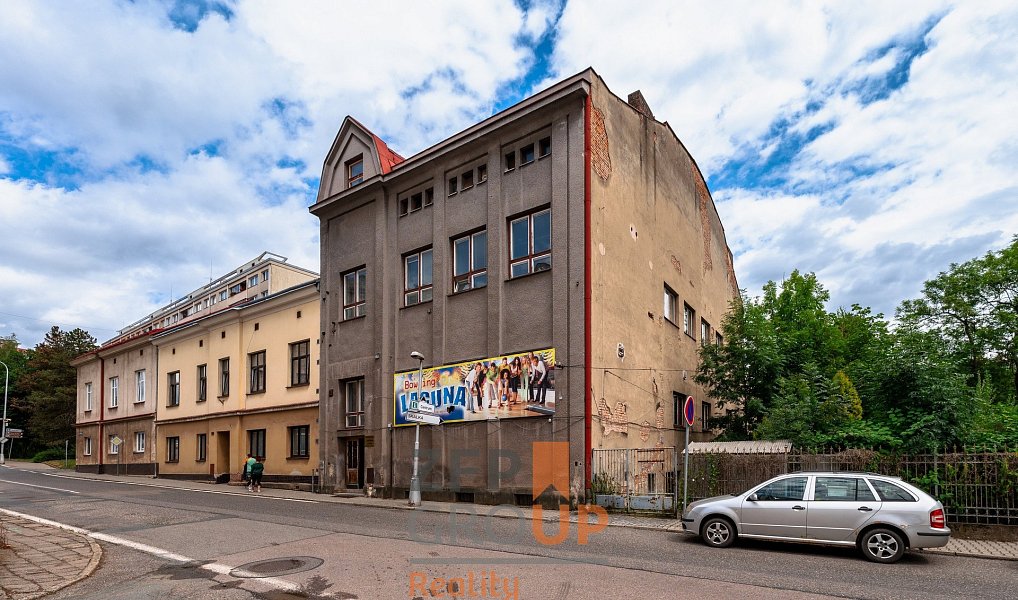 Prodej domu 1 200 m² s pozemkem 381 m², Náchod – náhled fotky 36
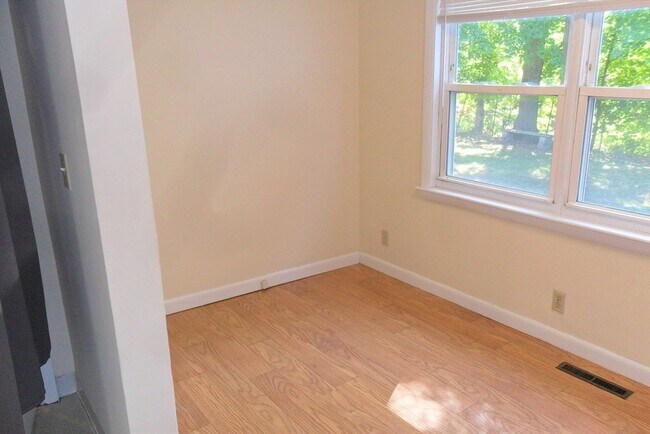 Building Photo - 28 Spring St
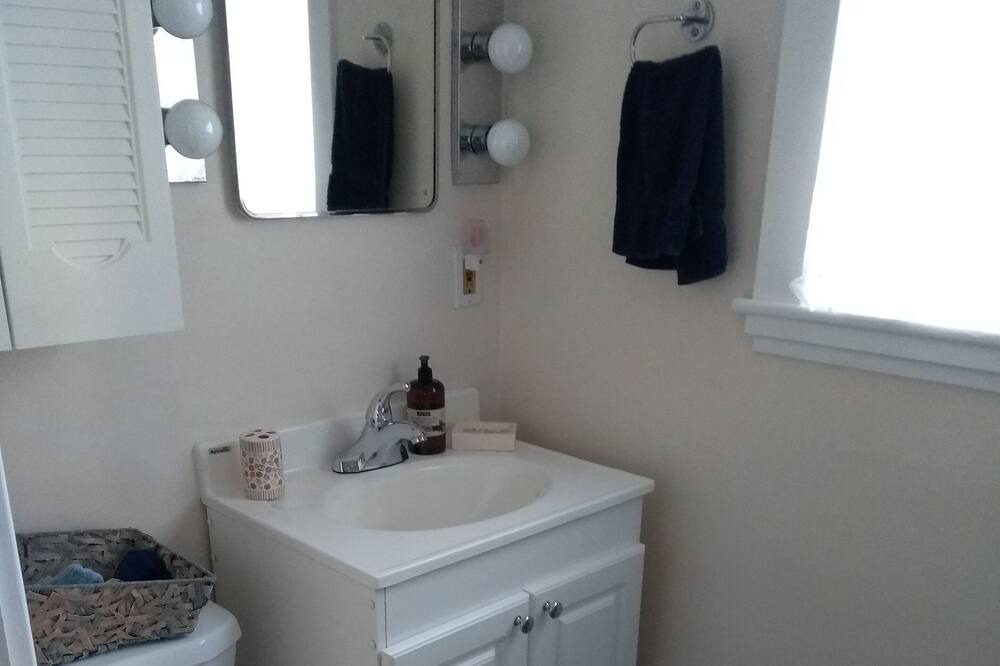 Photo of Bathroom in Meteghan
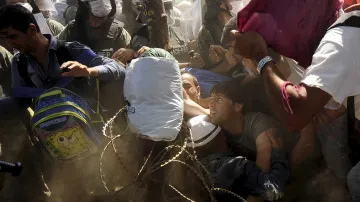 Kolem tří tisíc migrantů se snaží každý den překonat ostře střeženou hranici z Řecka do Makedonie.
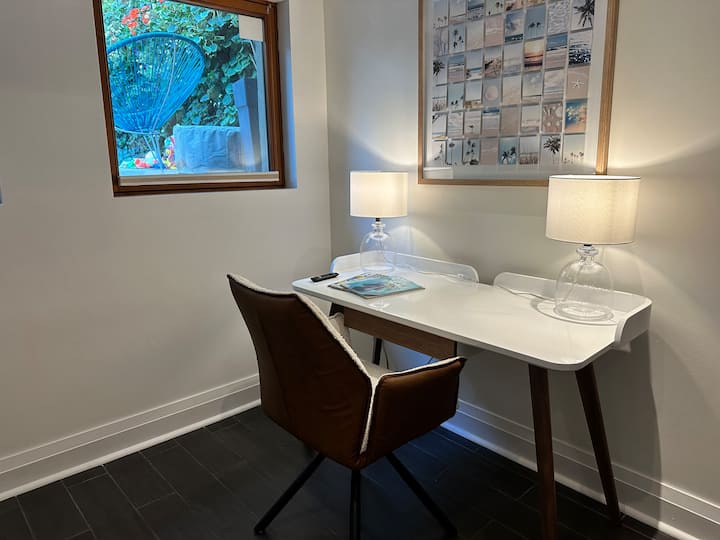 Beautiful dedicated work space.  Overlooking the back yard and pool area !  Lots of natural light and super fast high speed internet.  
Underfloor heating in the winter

-*-*-

◆ **Instructions to follow**
Find the line with "Beautiful dedicated work" in the listing above, then write it out along with every later line through the last one, exactly, omitting pictures.

◆ **Your response**
 Beautiful dedicated work space.  Overlooking the back yard and pool area !  Lots of natural light and super fast high speed internet.  
Underfloor heating in the winter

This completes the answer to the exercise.